We summarise the steps we take to enhance privacy, noting that no procedure can completely remove disclosure risk. The smoothing procedure for survival curves ensures that it is very difficult to infer the precise time that an event takes place (for any given patient).

We modify the fraction of patients that survive (surv field) using LOESS procedure described above. In survival curves symbols show when the censoring events occur. These symbols are removed from the plot. This ensures that it is very difficult to infer the precise time that an event takes place (for any given patient).

Finally, we note that the DataSHIELD architecture also helps to minimize disclosure risk and protect privacy. The functions in DataSHIELD are designed to return summary aggregated statistics, enforcing requirements to enhance disclosure control.

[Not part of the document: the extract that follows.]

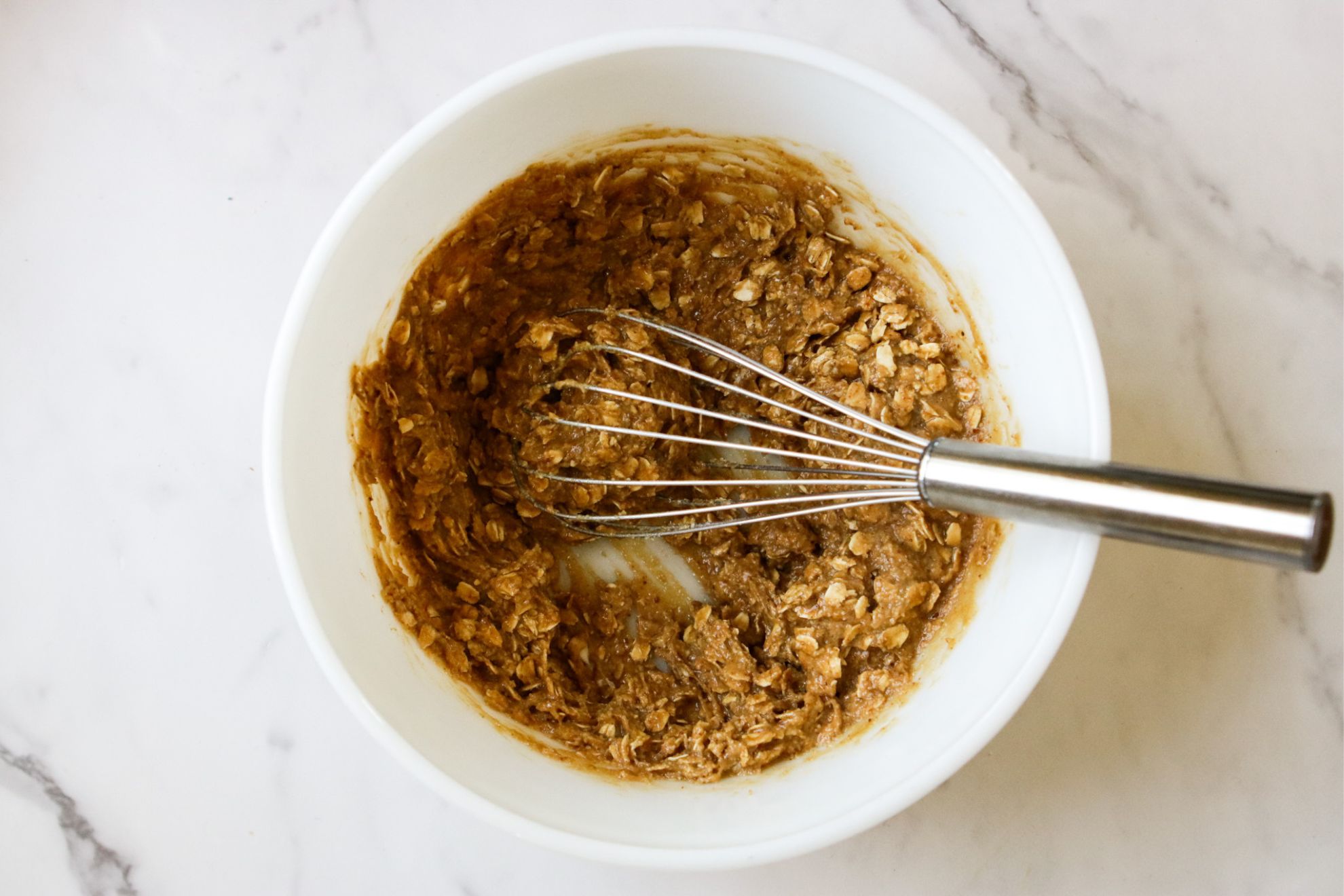 This is an overhead horizontal image of a white bowl on a white marble surface. In the bowl is an oatmeal cookie dough mixed together. A whisk is inserting into the ingredients and leaning against the side of the bowl with the whisk pointing to the right side of the image.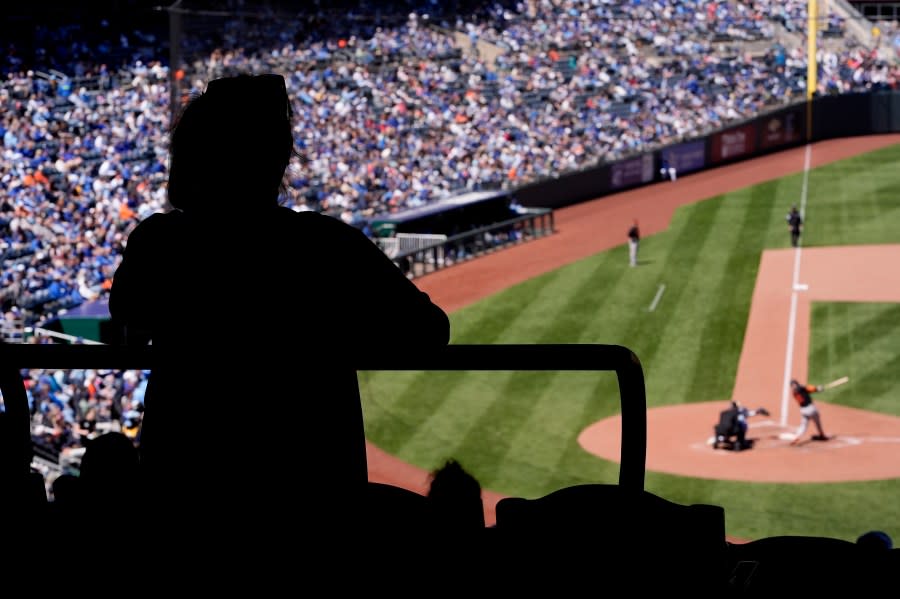 A fan watches from the concourse during the sixth inning of a baseball game between the Kansas City Royals and the Baltimore Orioles Sunday, April 21, 2024, in Kansas City, Mo. (AP Photo/Charlie Riedel)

Computational pipeline and use case

We outline the development and code for implementing survival models and plotting of survival curves.

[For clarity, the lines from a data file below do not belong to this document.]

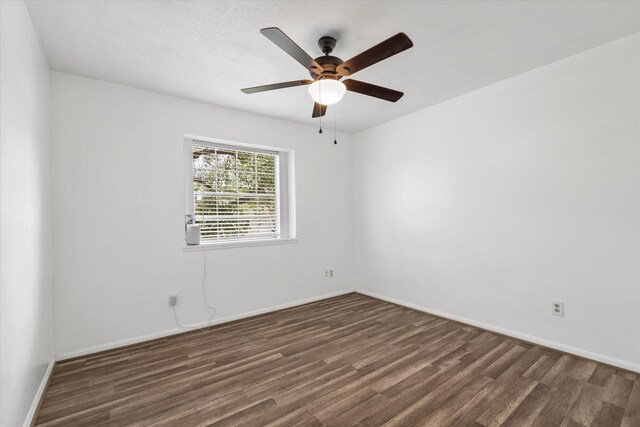 9203 Mauna Loa Ln, Houston, TX 77040 - empty room featuring baseboards, a ceiling fan, and wood finished floors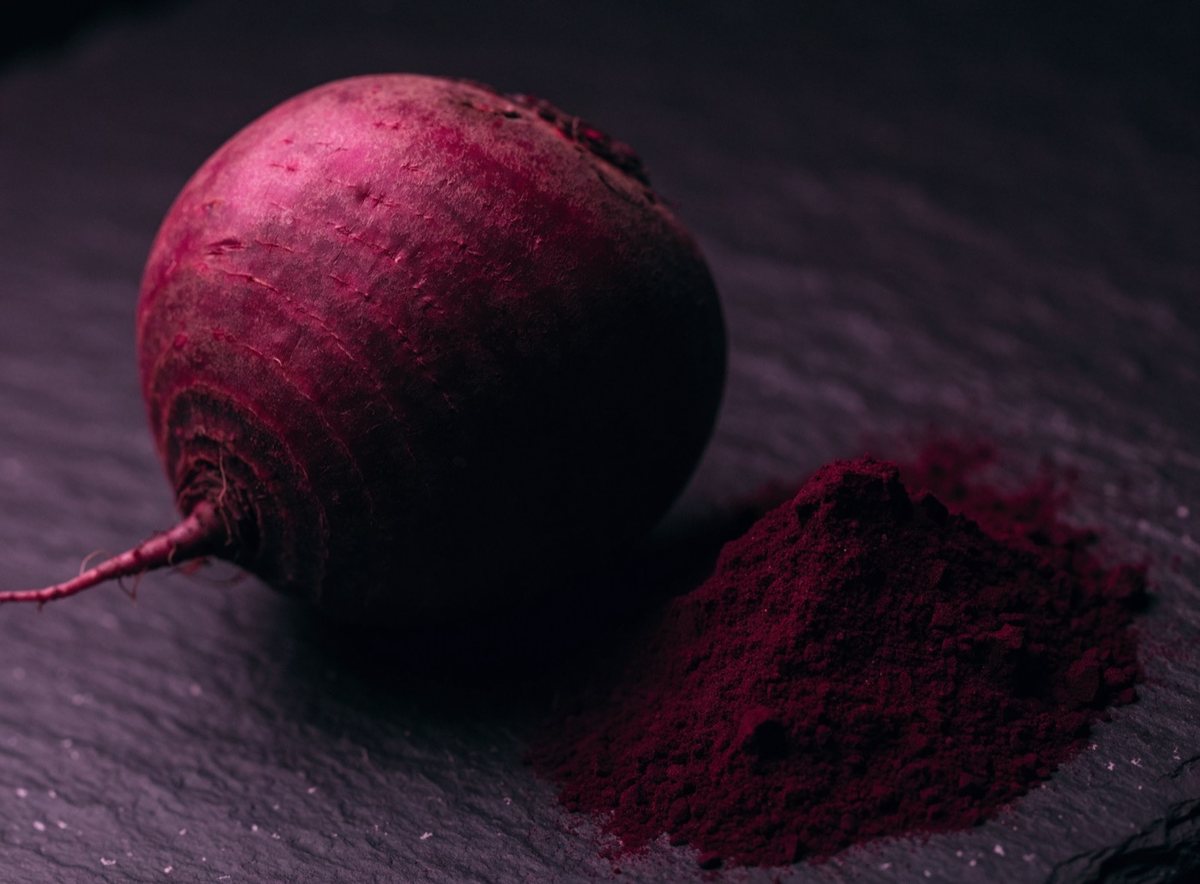 Raw beetroot next to finely ground beetroot powder.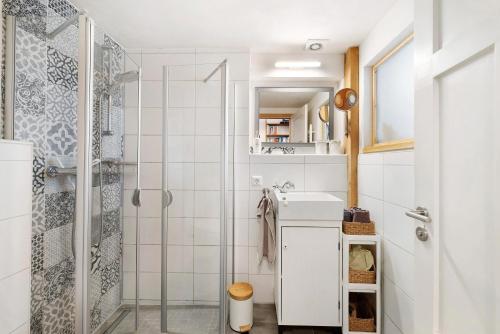 a white bathroom with a shower and a sink at Ferienwohnung Zur Alten Scheune in Balingen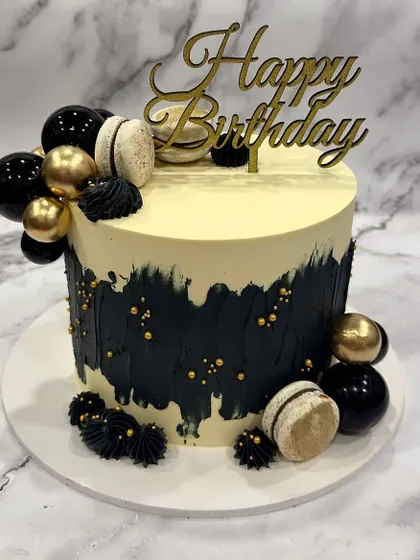 Another take on the black and gold theme, this time with the addition of elegant macarons. The abstract black buttercream and gold accents create a chic and modern birthday cake.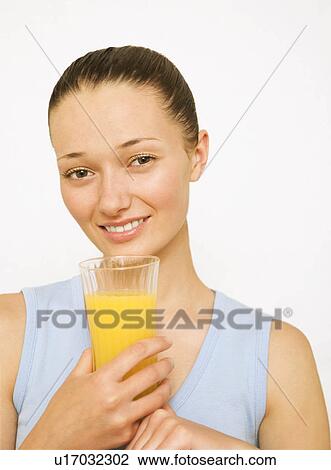 Girl holding a glass of orange juice View Large Photo Image Stock Image - Girl holding a glass of orange juice. Fotosearch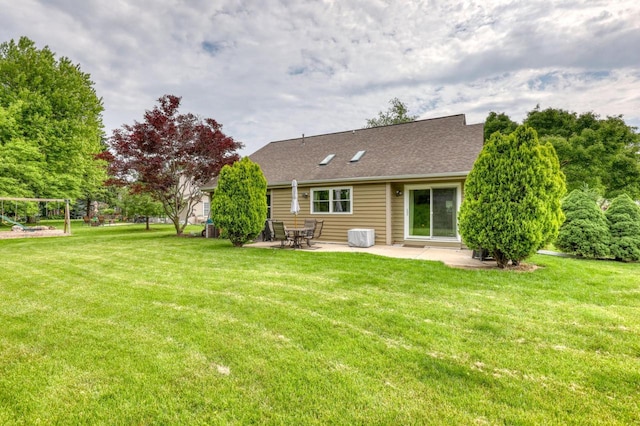 W227N2527 Meadowood Ln, Waukesha, WI 53186 - rear view of house featuring a patio, a yard, and roof with shingles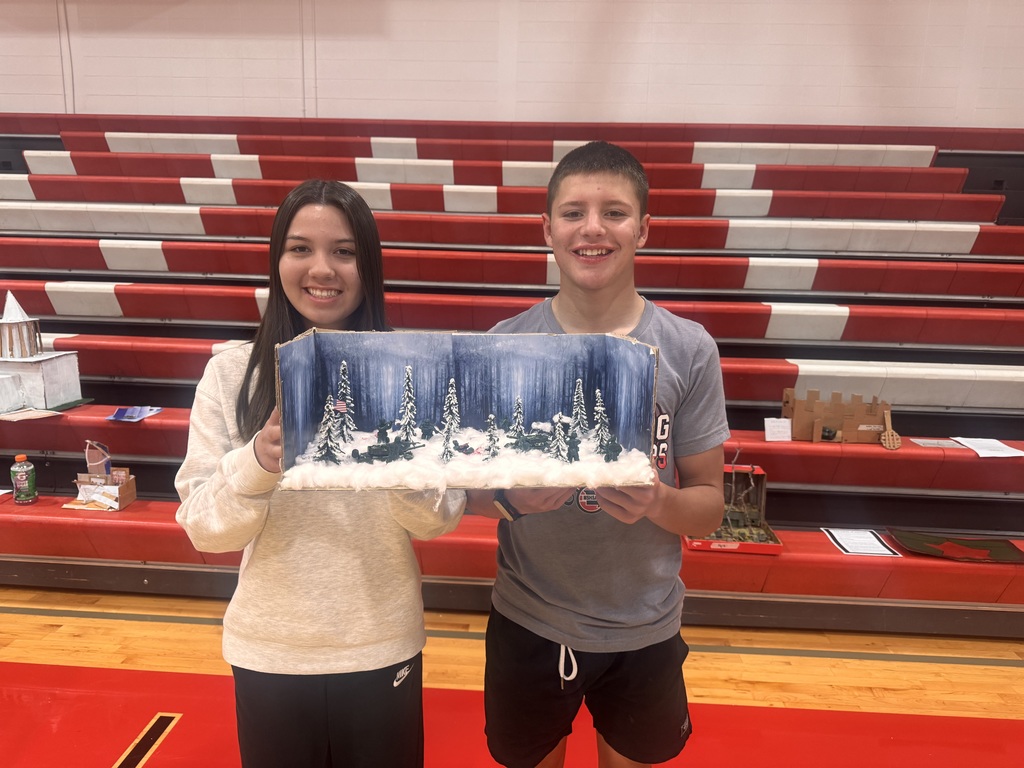 Two individuals in a sports facility, holding a diorama of a snowy landscape with a Christmas tree.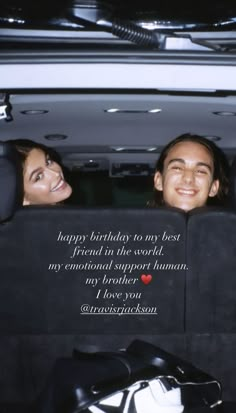 two people sitting in the back of a car with a happy birthday message on it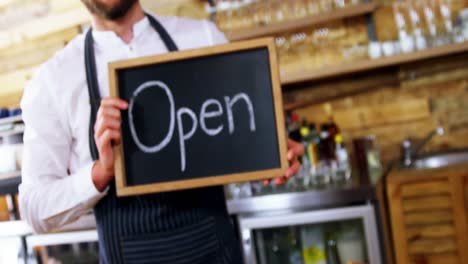 smiling waiter holding open sign board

All code is available here in bookdown format with synthetic data:

https://neelsoumya.github.io/dsSurvivalbookdown/

The computational steps are outlined below using synthetic data.

The initial steps outlined below create a Surv() object (available in the survival package) to generate the times and proportion surviving, which are then used as inputs to the survival curve.

figure a

Discussion

Our work adds to the existing dsSurvival package (which enables privacy enhancing meta-analysis of survival models in the DataSHIELD federated environment) by adding functionality to plot privacy enhancing survival curves. This will allow users to visually assess the differences in survival rates between groups, for example, while maintaining privacy.

We choose to build on the existing smoothing techniques [4] as this offered a pragmatic approach which we have adapted to a federated setting. Other methods such as probabilistic anonymisation are challenging to optimise the balance between privacy and utility.

Differential privacy has been used to ensure survival curves are privacy enhancing [5] and this is a promising area of future work [9]. Apart from the additional complexity in implementing the solution itself, there remain challenges around managing the privacy budget. This could be the subject of future work.

Limitations

A limitation is that dsSurvival 2.0 provides a curve per study/dataset, and not a global curve. This might be possible with DataSHIELD in the future and would require secure exchange of values so that they can be ordered by time to build the survival curve. We also did not determine a minimum number of points that are required for a survival plot to be produced and not seriously compromise privacy. This could be a future improvement.

Fig. 1
figure 1

Example of workflow between a client and single data site in dsSurvival. Note that this can occur between a client and many sites. 1. User makes an analysis request in the DataSHIELD framework (e.g. generate a privacy enhancing survival plot) 2. The DataSHIELD function on the server side validates the request, and generates a result that is designed to enhance privacy (e.g. modified survival plot) 3. Result is returned to the client

Fig. 2
figure 2

a Survival curve with LOESS smoothing using the fANCOVA package with all patients in the veteran dataset. The original unmodified survival curve is shown in black. b As per a but with one patient removed at time 61

Fig. 3
figure 3

a Survival curve with LOESS smoothing using the fANCOVA package with randomly reduced number of patients (50 as opposed to 137) in the veteran dataset. The original unmodified survival curve is shown in black. b As per a but with one patient removed at time 61

Another area of future work could be generating synthetic survival data using the dsSynthetic package [10].